To effectively prevent and reduce time theft, small business owners need to understand why it occurs. Time theft can be intentional or unintentional. For example, a customer service representative who forgets to log out of her phone before leaving for the day sans prior incidents of this nature is an example of unintentional time theft. However, an employee who purposely leaves his phone logged in knowing that he is getting paid for the time he is logged in is an example of intentional time theft. Intentional time theft frequently increases labor expenditures for small businesses. So, it’s important that they understand typical methods intentional time theft occurs. Here are some common ways time theft happens:
  • Falsifying Timestamps. When small business owners leave it up to employees to manually enter their time, they’re likely to experience more inaccurate information. That’s because logging time manually can increase incidents of time clock fraud and error, including rounding up hours instead of entering the exact hours worked.
  • Buddy Punching. Sometimes intentional time theft involves co-workers clocking in or other co-workers. One co-worker may provide the other with his log-in credentials so that she can log in for him in the event he is running late. This is referred to as buddy punching. According to an American Payroll Association study, buddy punching is the reason why as much as 75 percent of businesses lose money. This makes this practice the most common form of intentional time theft.
  • Using Personal Time During Work Hours. Whether surfing the internet to buy their favorite electronics or taking time to schedule doctor appointments for their family, when employees use work hours as time to do personal activities not authorized by the company, they are stealing time.

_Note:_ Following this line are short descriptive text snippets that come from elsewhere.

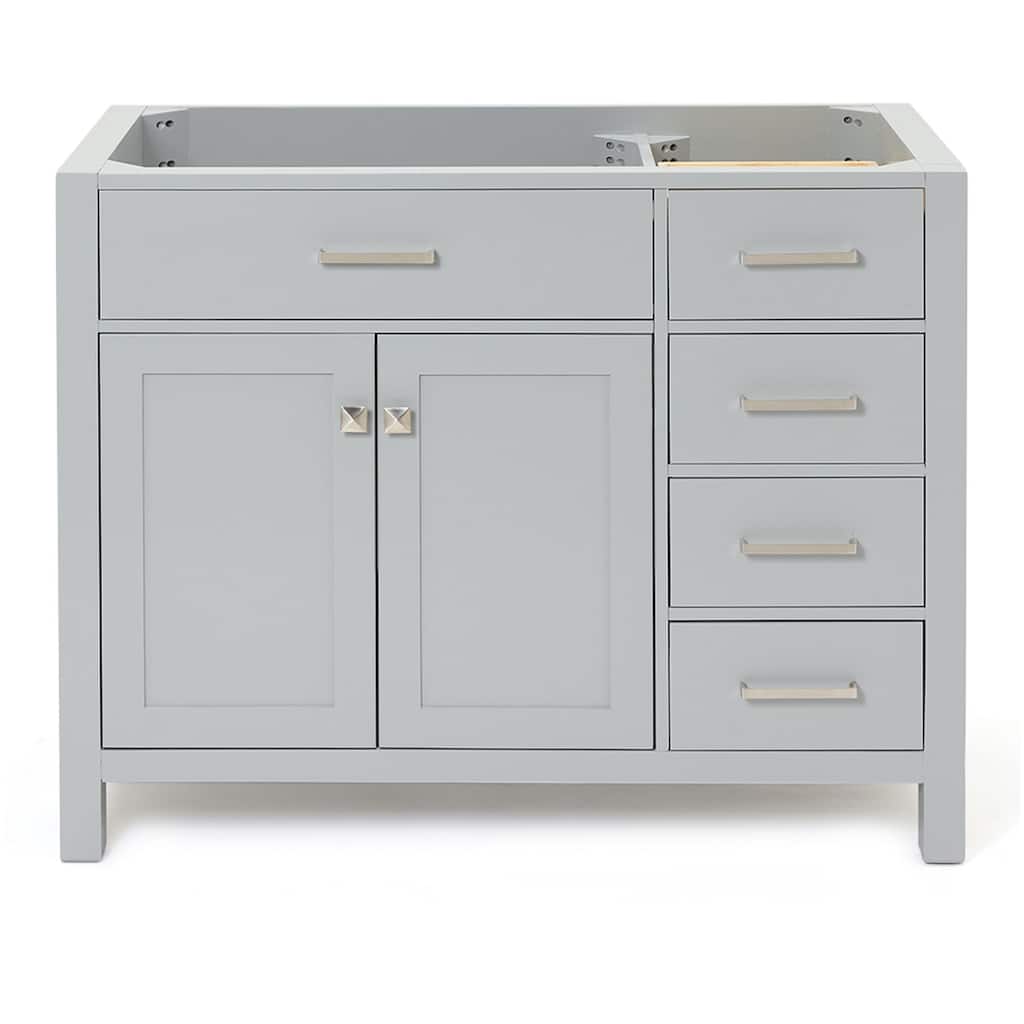 Ariel H042S-L-BC Bristol 42" Single Free Standing Left Offset Vanity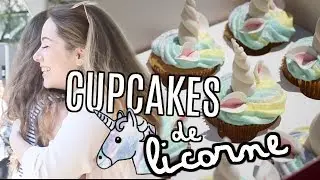 CUPCAKES DE LICORNE // Je nourris mes abonnés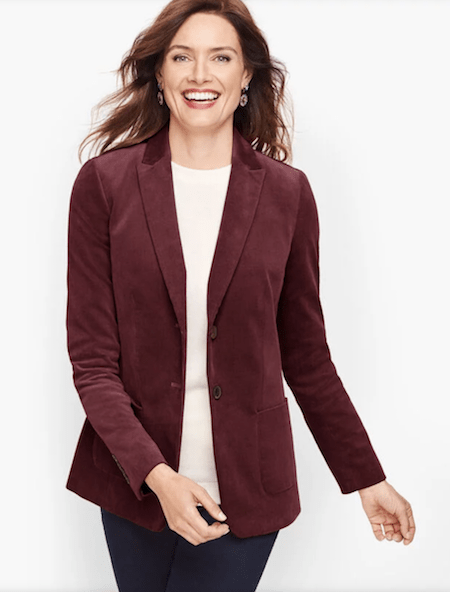 Cute Fall Styles on Sale at Talbots | The-E-Tailer.com/Blog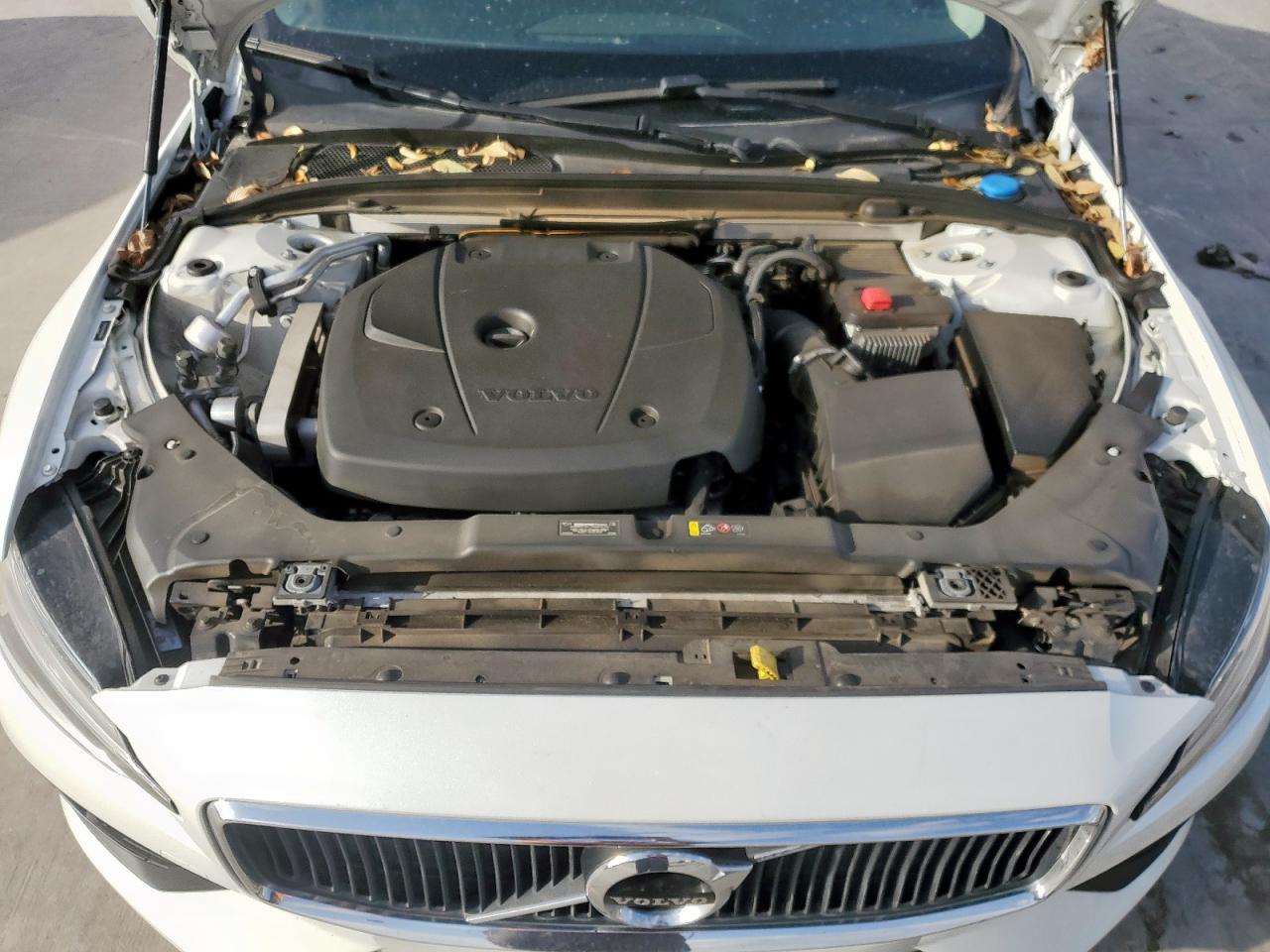 2021 Volvo S60 VIN 7JR102FK9MG096024 Copart auction photo, side damage thumbnail 11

How to Reduce and Prevent Time Theft

Reducing and preventing time theft calls for a plan of action. Here are some effective ways to get it done:
  • Create Awareness. One of the most important ways small business owners can prevent time theft is to inform their employees of the rules and policies of the company. These rules and policies should be communicated clearly in a written format as well as expressed clearly to employees. Small business owners and their human resource personnel should ensure everyone understands these policies, provide employees with the opportunity to ask questions about these rules and have them sign an agreement that they are aware of the policies. Post signs reminding employees of how to correctly log time and provide a copy of the company’s policies as a reference.
  • Utilize Time Theft-Prevention Technology. By including software programs that record time at integral moments, small business owners can help employees more accurately track their time without relying on them to manually input the hours they work. For example, small business owners can use Homebase for tracking time and automating timesheets and employee scheduling. It provides a timestamp for the time employees start using a system. Employees can also use a unique PIN to log in, and this time clock software can even be used to take a photograph of the person logging the time so that employers can ensure the correct person is signing in. It’s also useful for tracking time for remote or off-site workers. This helps save time for employees since they won’t have to manually input time. It also helps prevent unintentional time theft for employees that enter the wrong time when they work over their scheduled time or clock in too early. With Homebase, you can also choose to not allow employees to clock in before their shift is scheduled to start.
  • Be Aware of Patterns. It’s also important for small business owners and their managers to quickly identify patterns of abuse and time clock fraud before it gets too late. This helps to reduce incidents of intentional time theft.
  • Set Expectations. Small business owners should set clear expectations for employees and ensure they understand what they are expected to do during work hours. They should also verbalize consequences for time clock fraud and violations of the company’s time policy. It’s also important for managers and leaders of the company to follow through with appropriate disciplinary action to prevent future incidents.

Final Thoughts

The larger a small business’ operations grows, the more likely it faces time theft. Thus, it’s critical for small business owners to have a plan for reducing time theft incidents and stopping it in its tracks. By using tools, such as Homebase, and having a strategy for handling time theft cases, small business owners can control time theft.